Here is the herd eating up Costanza on February 20th. There’s a fair bit of grass here.
It has been a mild winter: this was last grazed in early November, so we had some good regrowth through the last three and a half months. The soils here are doing well with carbon and the soil life is coming back.
There are some weaker areas here and there, but those worms are helping us out. Most of the paddock now has good worm life.
One problem with winter is we get visits from sanglier, the French wild boar. There are a lot of holes around the place where they’ve come looking for some tasty grubs. I have to move the sods back to cover the holes and stamp them down.
Hermano the steer says Hi.
I didn’t know you have wild hogs in France. Do they destroy a lot of crops? Are they considered a nuisance or protected? Do you do anything special with them on your farm?
I’ve been having a difficult time with a raccoon and my chickens lately. Whenever I watch a kid movie with the hero being a fox or other critter who steals chickens, I identify with the farmer/villian. It’s different when one has to pick up the remains of what was once a productive chicken.
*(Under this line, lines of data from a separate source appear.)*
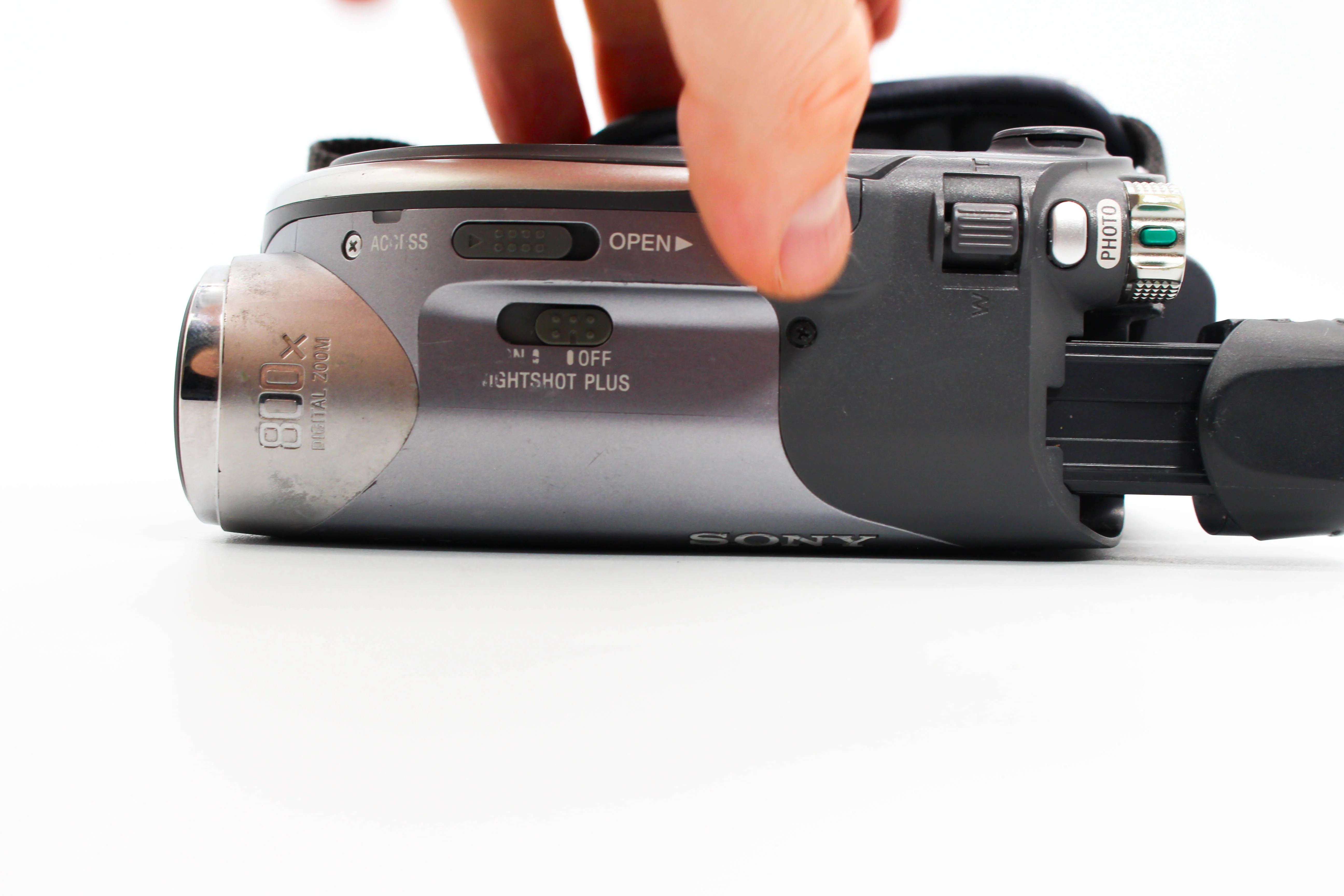 Sony DCR-DVD205E DVD Retro Handycam Camcorder Camera - Tested Bundle Good - Image 10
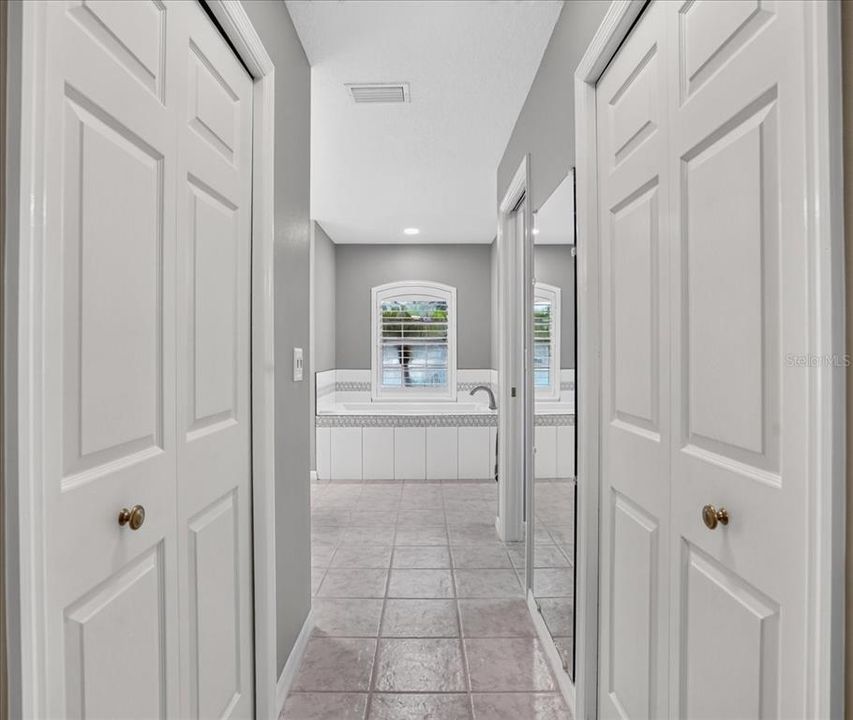 For Sale: $585,000 (3 beds, 2 baths, 2117 Square Feet)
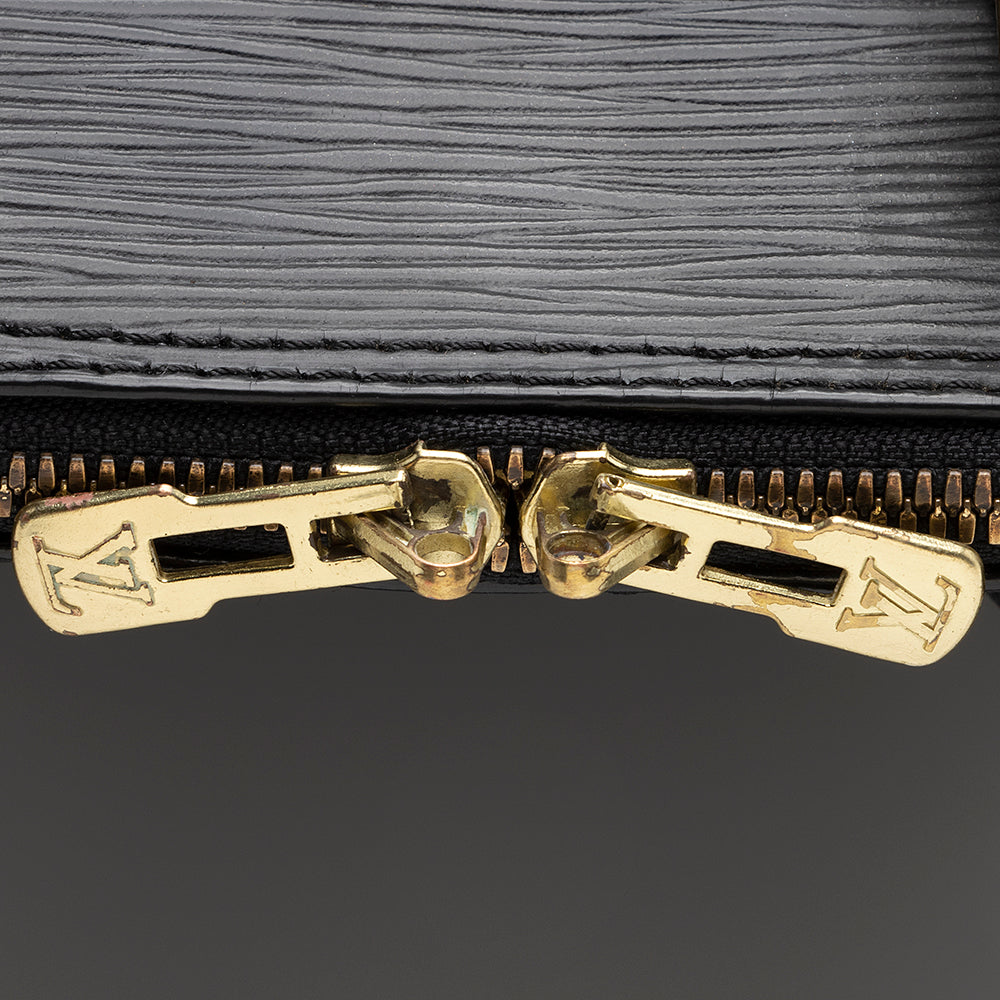 Louis Vuitton Vintage Epi Leather Alma PM Satchel (SHF-21340)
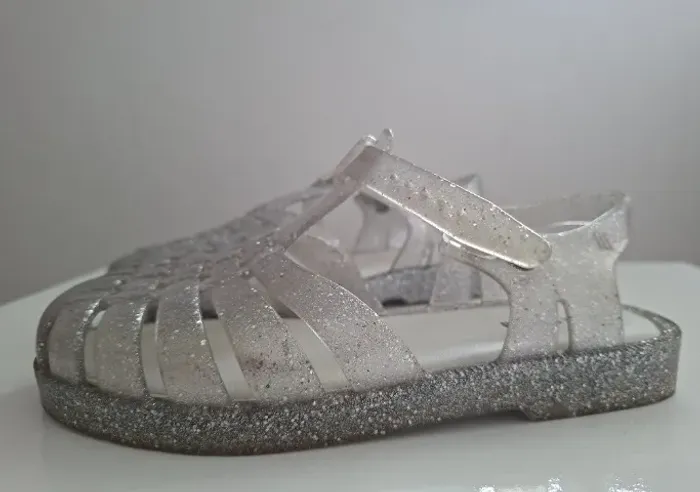 Mini Melissa prata n. 32 (pouco usada) 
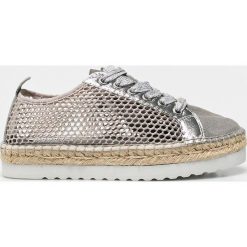 Steve Madden - Tenisówki. Szare tenisówki damskie marki Steve Madden, ze skóry, na sznurówki. W wyprzedaży za 199,90 zł.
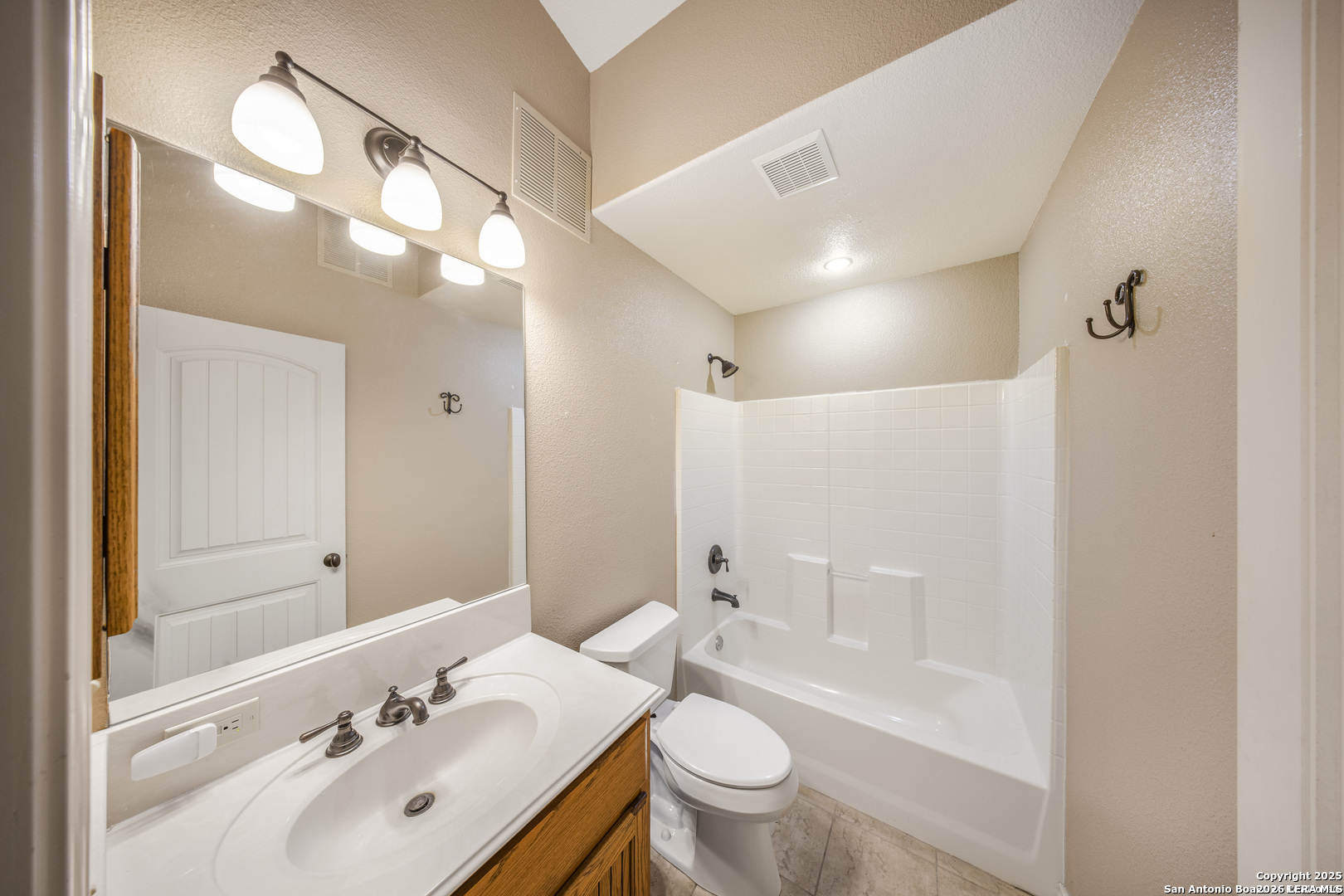 149 Legacy Trace La Vernia TX 78121
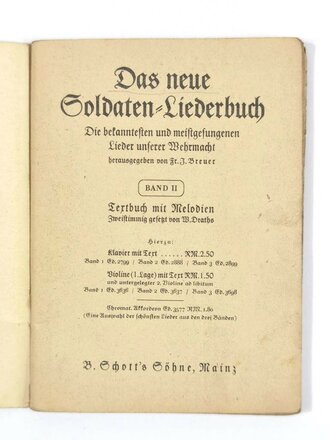 "Das Neue Soldaten Liederbuch", Heft 2, 74 Seiten, ohne Jahr, 14,5 x 10,5 cm, gebraucht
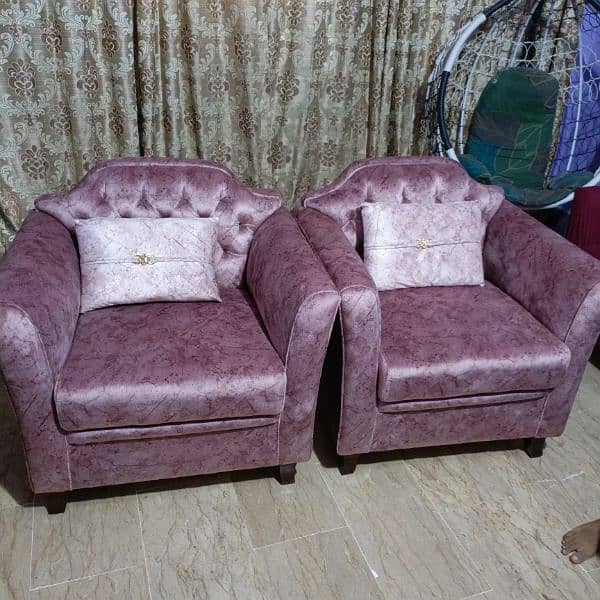 seven seater sofa excellent condition only one month used 4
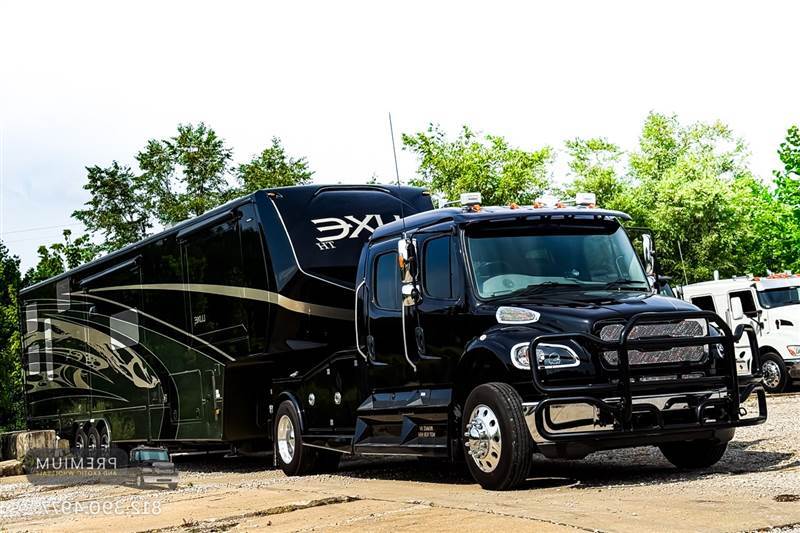 Truck Photo 16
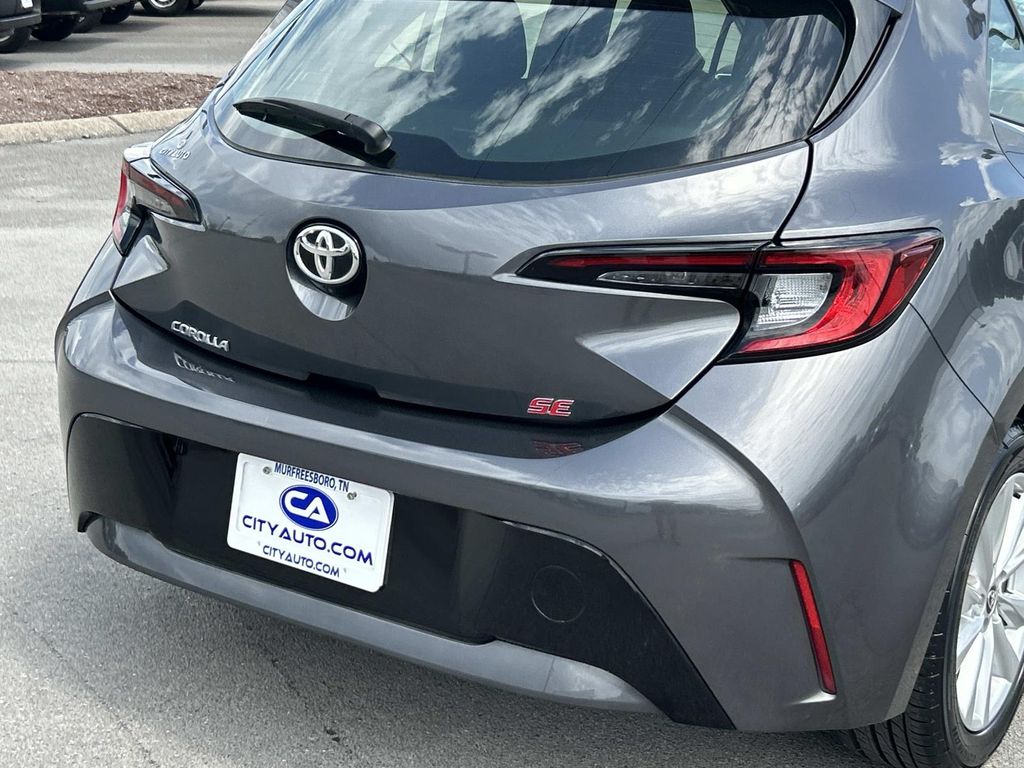 Vehicle photo 13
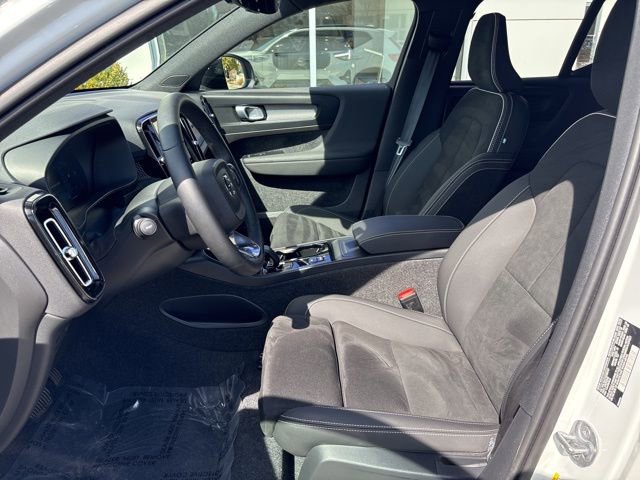 Used 2025 Volvo XC40 B5 Plus AWD/4WD image 17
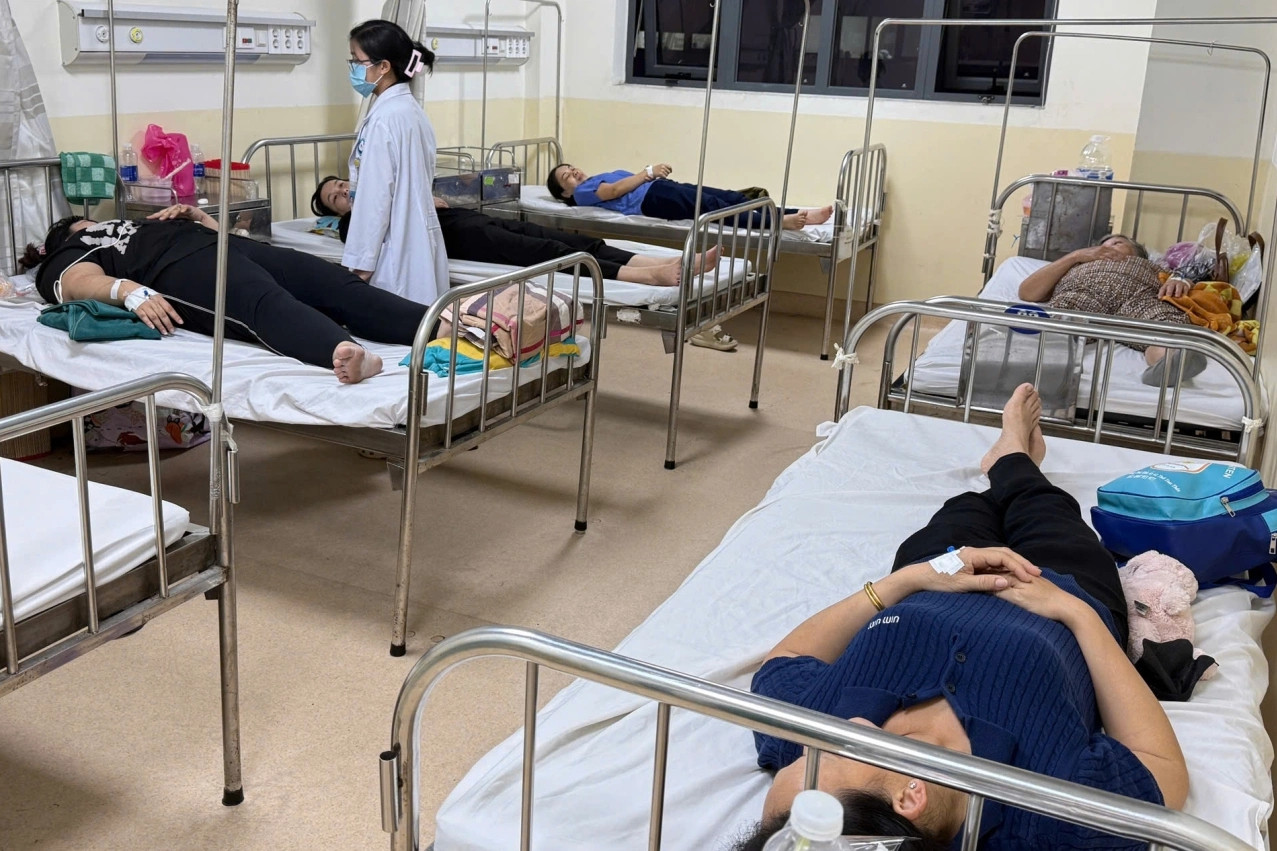 Hàng chục công nhân và học sinh nhập viện nghi ngộ độc thực phẩm ở TPHCM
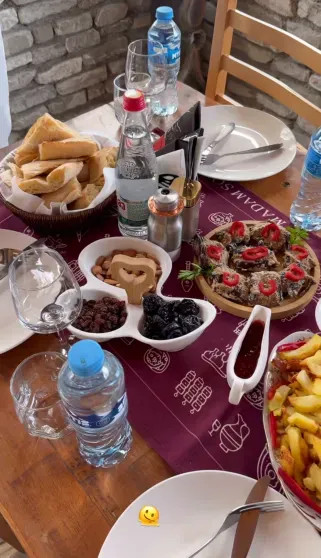 Виктория Лопырёва показала, как отдыхает с сыном в Грузии Лопырёва, ЛопырёваВиктория, Виктории, вместе, ЛопырёвойФото, Виктория, сыном, подругамиВиктория, бизнесмена, Булатов, женат, класс, рождения, несколько, наследником, подругойВиктория, Грузии, модель, Булатова, родила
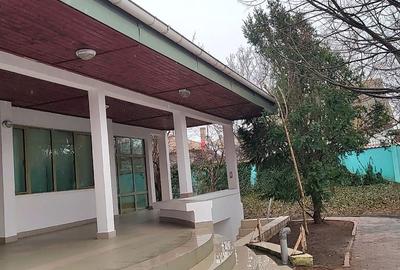 Eforie Sud, proprietate UNICAT, D+P+1 , la 200 m de plajă - 4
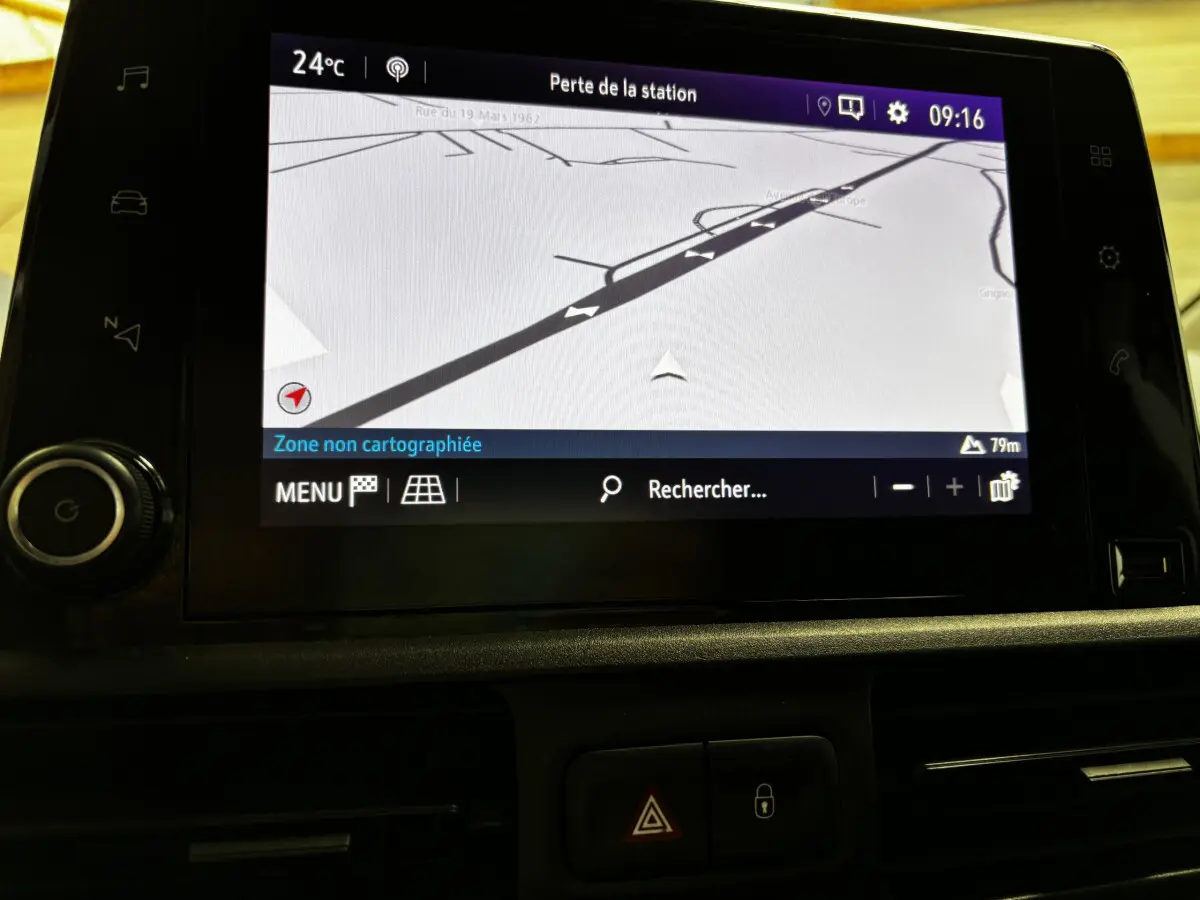 Écran tactile central de l’Opel Combo blanc 2021 affichant la navigation avec carte non cartographiée.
They call them “sanglier”. It is what Asterix and Obelix eat, if you remember your comics. I don’t know about how much crop destruction they do, but they make holes in my better pastures. Sometimes the holes are several meters across where they have found a good supply of something tasty.
You can see these wild pig families run across the farms in the evenings. I haven’t seen one here in a while but I am finding new holes every week.
The boar are a nuisance and not protected. I let the local chasse (the hunt) use my farm and they hunt for deer, foxes and boar. And the occasional farmed pheasant that wanders around.
We’ve had trouble with foxes eating chickens in the past but for some reason they stopped coming here. Maybe it is Milkshake the killer barn cat who sleeps by the henhouse? But as for raccoons what would stop them? Livestock dogs?
Really nice grass! Fantastic for this time of year. We keep getting hit by the polar vortex, and although it tried to green up for a few days, we’re really brown.
An LGD should handle a raccoon. Maybe even a good farm dog.
Do the hunters ever share any of the venison or boar with you? Or are you just happy to have them gone?
Our grass goes brown in the summer, not the winter! I should take some photos of a paddock I seeded with fescue, red clover and birdsfoot trefoil. It was all green clover and trefoil in January. I’m still learning what grows when.
Yes the hunters give us some boar or venison (or both) each year. Sometimes it is really good, sometimes it is mostly stew meat. We think it is a cool part of the local culture so we are happy to have them. On Sundays you often bump in to someone you know out in the field in camo gear.